Les sciences du travail nous enseignent que le travail réel n’est jamais simple exécution du travail prescrit, qu’il y a toujours un écart entre la tâche et l’activité. Ce hiatus entre ce qui est défini comme étant à faire et ce qui est fait conduit effectivement à explorer l’épaisseur du travail, au delà de sa description théorique. On y découvre les processus qui président à une redéfinition de la tâche par adjonction de nouveaux buts correspondants à l’ajustement aux situations concrètes et à des motifs personnels, l’invention de manières de faire qui permettent de singulariser l’activité, la mobilisation et le détournement de moyens visant à dépasser les obstacles rencontrés… Ces obstacles s’éprouvent comme une mise en échec de la maîtrise du procès de travail : en entrant dans l’activité, au delà des représentations de la tâche, du projet visé, nous entrouvrons la porte de l’inconnu et nous risquons alors de prendre conscience à la fois de nos moyens limités mais aussi de la résistance du réel.
L’indéterminisme partiel de l’activité ouvre à l’imprévu : l’imprévu comme obstacle, échec, accident, désaveu ; mais aussi l’imprévu comme occasion essentielle de développement des processus de création, d’inventivité. Puisque travailler n’est pas exécuter, l’activité est une aventure, où puiserait pour une part la créativité. En ce sens, elle est une voie d’accès privilégiée au dégagement de la répétition, l’occasion de développement de nouvelles sensibilités, de nouvelles habilités, de nouveaux buts.
Travailler suppose de puiser à la fois dans l’inventaire des ressources disponibles et dans l’invention.
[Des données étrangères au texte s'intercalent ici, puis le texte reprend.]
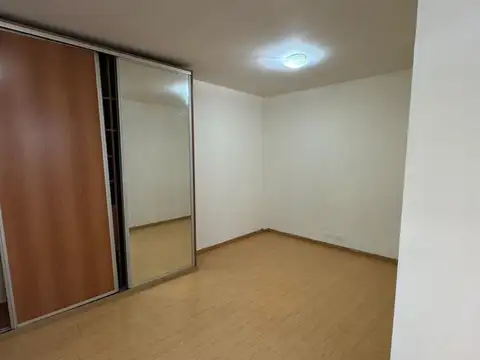 Departamento monoambiente en calle Montevideo al 100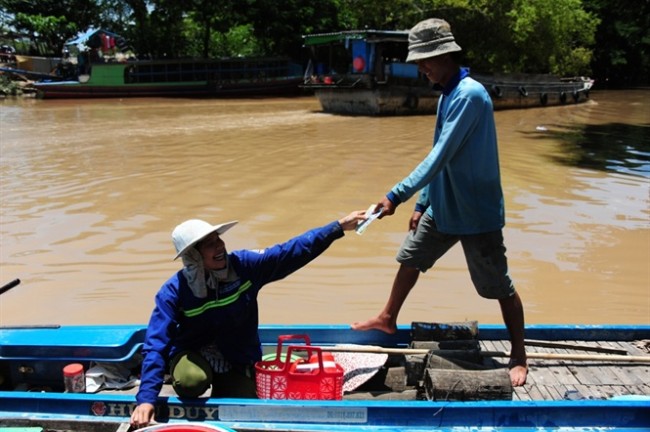 Niềm vui của vợ chồng anh Trần Tuấn Kiệt, khi mang cá tôm ra chợ bán xong được khoảng tiền 700.000 -1 triệu đồng/ngày.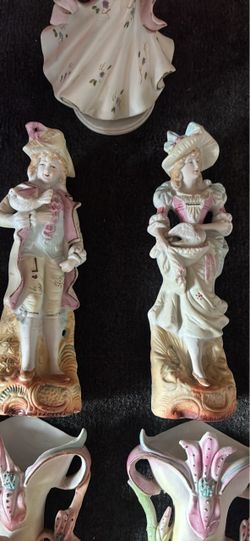 Antique 1950 Porcelain Victorian Couple Figurines Set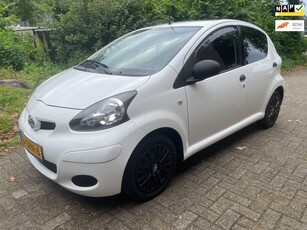 Toyota Aygo 1.0-12V Now nette auto airco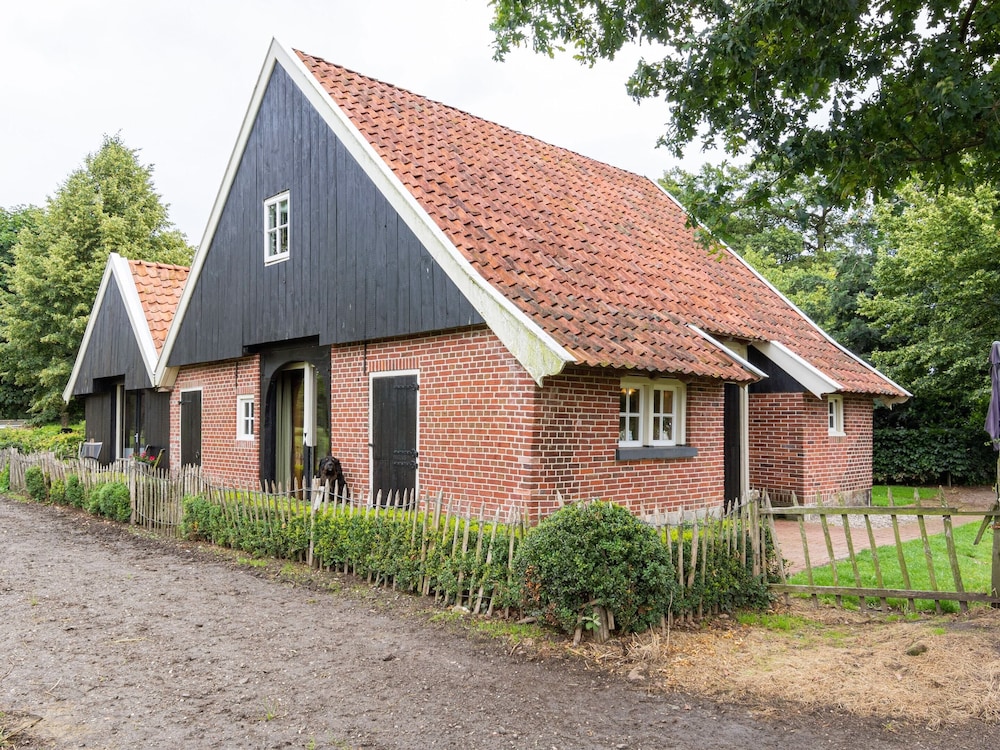 Cozy Apartment in Enschede Near Forest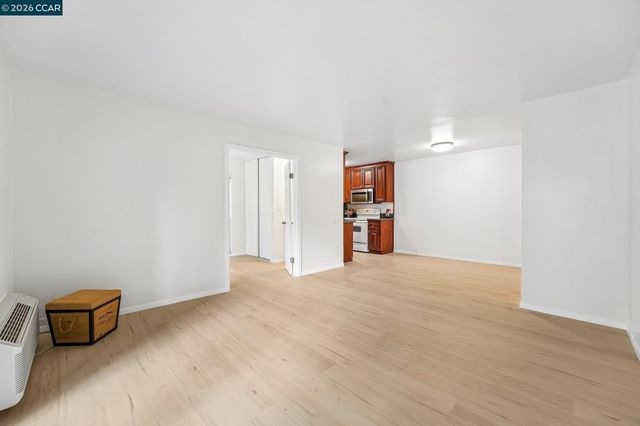 150 Sharene Ln 103, Walnut Creek, CA 94596
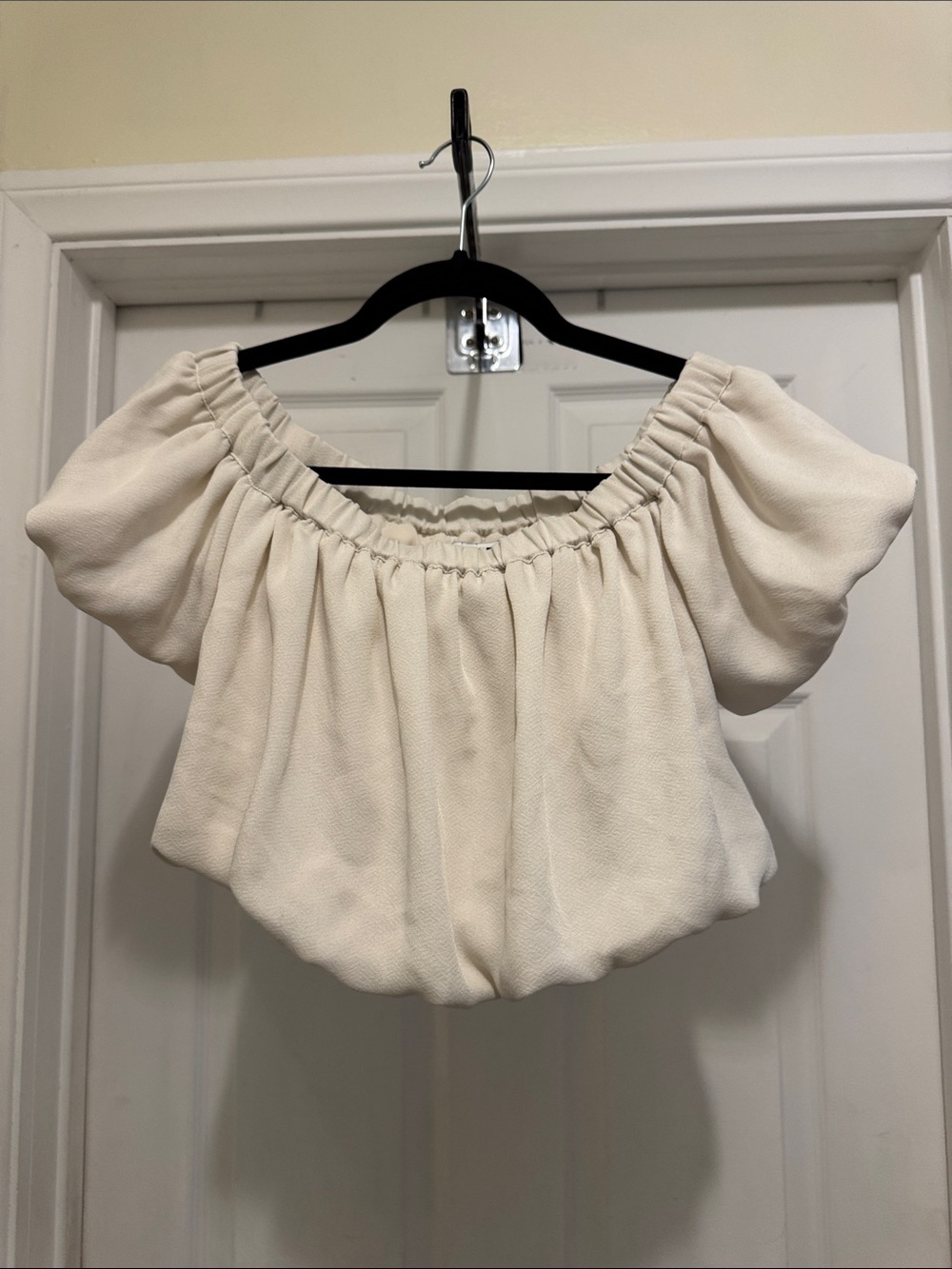 Express Cream Off-the-Shoulder Puff Sleeve Crop Top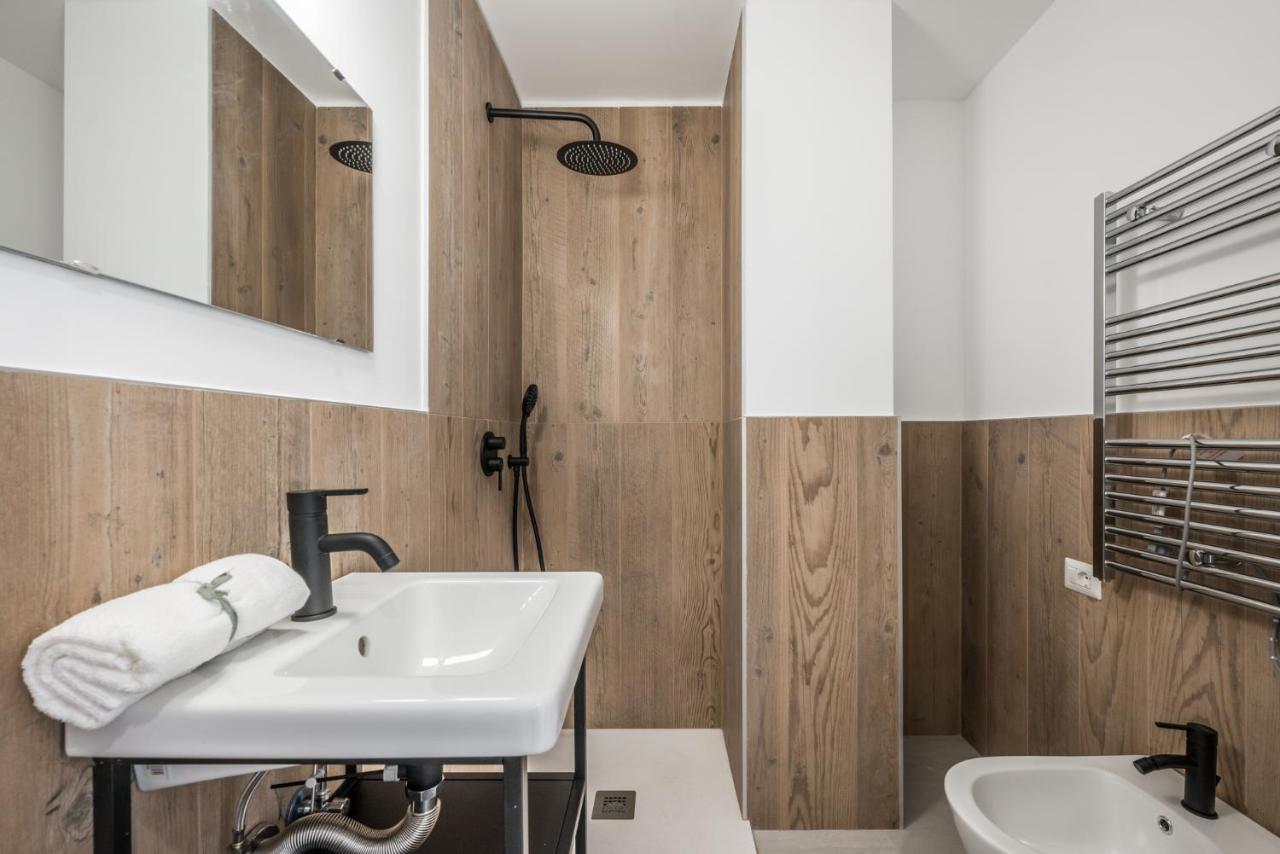 Jj6 Loreto-Duomo - Esclusive - Chic - Luxury Mediolan Zewnętrze zdjęcie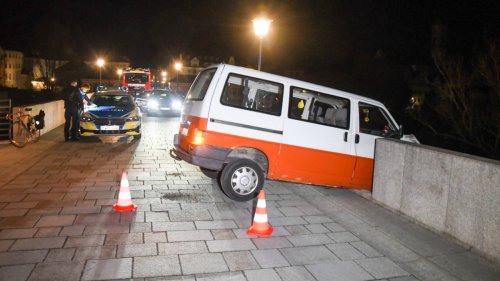 Unfall in Regensburg: Kleinbus durchbricht Steinerne Brücke
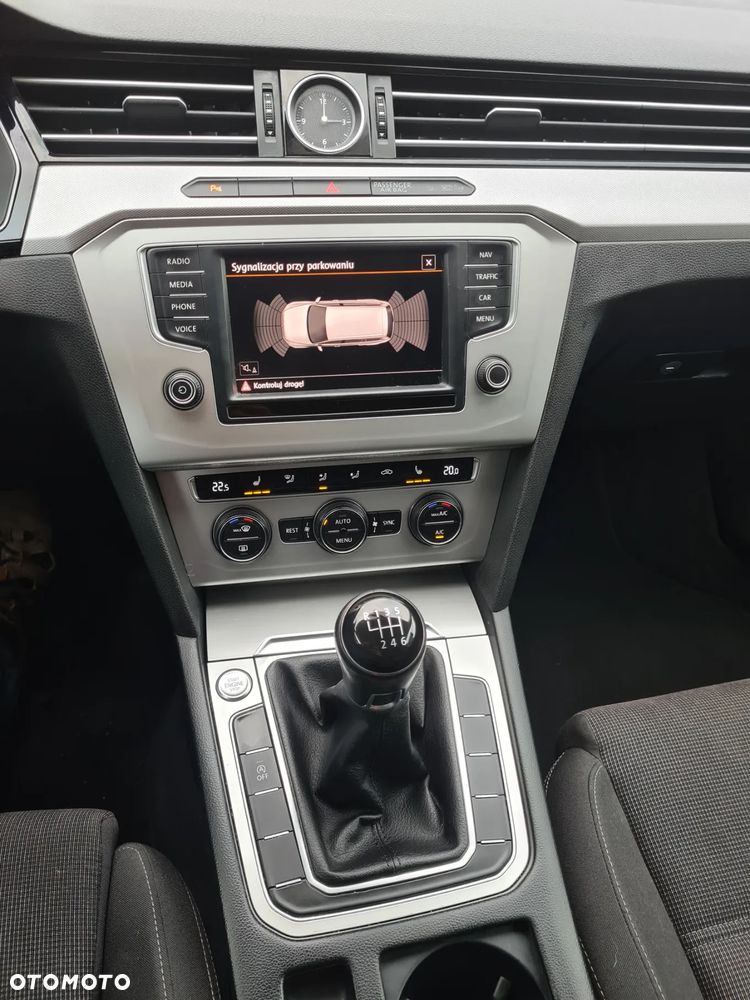 Volkswagen Passat 1.4 TSI BMT ACT Comfortline - 25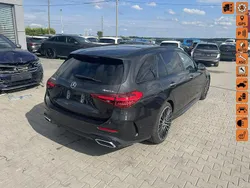 Czarny (metalik) Używany 2023 Mercedes C220 Kombi | 139 900 zł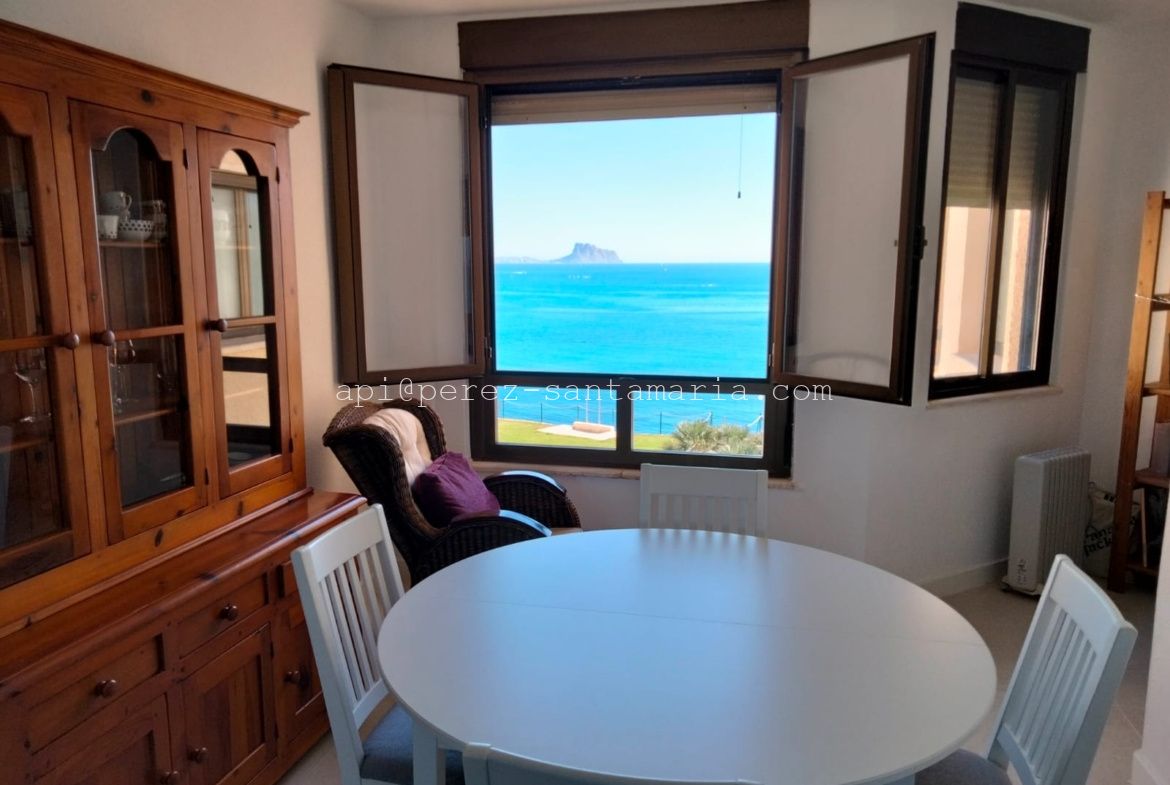 APARTAMENTO EN EL ACANTILADO DEL ALBIR CON MAGNÍFICAS VISTAS AL MAR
Ce qui est donné, déjà là, les normes antécédentes, qu’elles soient produites par les prescripteurs du travail, par les règles de métier ou celles du collectif de travail, sont mises à l’épreuve du réel dans l’activité. Et les imprévus, les obstacles rencontrés sont autant de sollicitations à l’invention et à la transgression.
Arts de faire, métis, bricolage, intelligence pratique, renormalisation, stylisation … autant de conceptualisations de la puissance inventive engagée dans le travail vivant. S’y jouent ici non seulement la question de l’efficacité de l’activité mais aussi celle de la santé.
La créativité apparaît à la fois comme moyen permettant de se dégager des contraintes du travail, des tensions et contradictions entre de multiples déterminants, de développer une activité propre, personnelle et personnalisante, de reconfigurer son milieu de travail, d’exister comme sujet. Aussi, elle n’est pas seulement instrumentale, au sens de nécessaire pour faire ce qu’il y a à faire, mais elle requiert et manifeste une invention et un développement de soi. Elle renvoie aux possibilités et capacités d’initiatives du sujet dans un champ de contraintes et de normes.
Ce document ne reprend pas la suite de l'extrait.